Datasets¶

Sequentia provides a selection of sample sequential datasets for quick experimentation.

Each dataset follows the interface described below.

API reference¶

Utility wrapper for a generic sequential dataset.

`__init__`(X[, y, lengths, classes])	Initializes a `SequentialDataset`.
`copy`()	Creates a copy of the dataset.
`iter_by_class`()	Subsets the observation sequences by class.
`load`(path)	Loads a stored dataset in `.npz` format.
`save`(path[, compress])	Stores the dataset in `.npz` format.
`split`([test_size, train_size, random_state, ...])	Splits the dataset into two partitions (train/test).

`X`	Observation sequences.
`X_lengths`	Observation sequences and corresponding lengths.
`X_y`	Observation sequences and corresponding outputs.
`X_y_lengths`	Observation sequences and corresponding outputs and lengths.
`classes`	Set of unique classes in `y`.
`idxs`	Observation sequence start and end indices.
`lengths`	Lengths corresponding to `X`.
`y`	Outputs corresponding to `X`.

class sequentia.utils.SequentialDataset[source]¶

Utility wrapper for a generic sequential dataset.

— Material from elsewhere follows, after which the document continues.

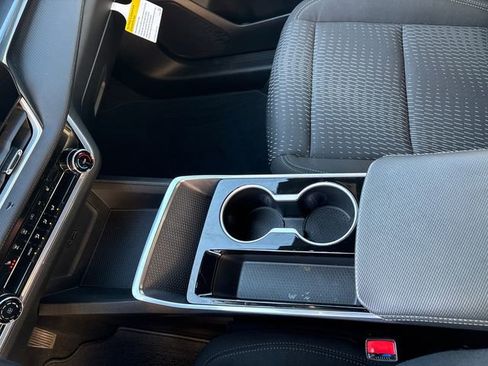 Used 2025 Chevrolet Equinox LT image 34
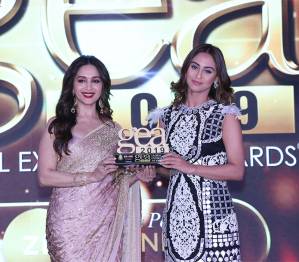 Krystle D Souza Indian Actress Won GEA 2019 by Madhuri Dixit - Indian Film Innovation Awards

__init__(X, y=None, lengths=None, classes=None)[source]¶

Parameters:

X (Array) –
Univariate or multivariate observation sequence(s).
- Should be a single 1D or 2D array.
- Should have length as the 1st dimension and features as the 2nd dimension.
- Should be a concatenated sequence if multiple sequences are provided, with respective sequence lengths being provided in the lengths argument for decoding the original sequences.
y (Optional[Array]) – Outputs corresponding to sequence(s) provided in X.
lengths (Optional[Array]) –
Lengths of the observation sequence(s) provided in X.
- If None, then X is assumed to be a single observation sequence.
- len(X) should be equal to sum(lengths).
classes (Optional[Array]) –
Set of possible class labels (only if y was provided with categorical values).
- If not provided, these will be determined from the training data labels.

Return type:

SequentialDataset

Creates a copy of the dataset.

iter_by_class()[source]¶

Subsets the observation sequences by class.

Raises:

AttributeError - If y was not provided to __init__(), or is not categorical.

Returns:

Generator iterating over classes, yielding:

Return type:

Iterator[Tuple[Array, Array, int]]

classmethod load(path)[source]¶

Loads a stored dataset in .npz format.

Parameters:: path (Union[str, Path, IO]) – Location to store the dataset.
Returns:: The loaded dataset.
Return type:: SequentialDataset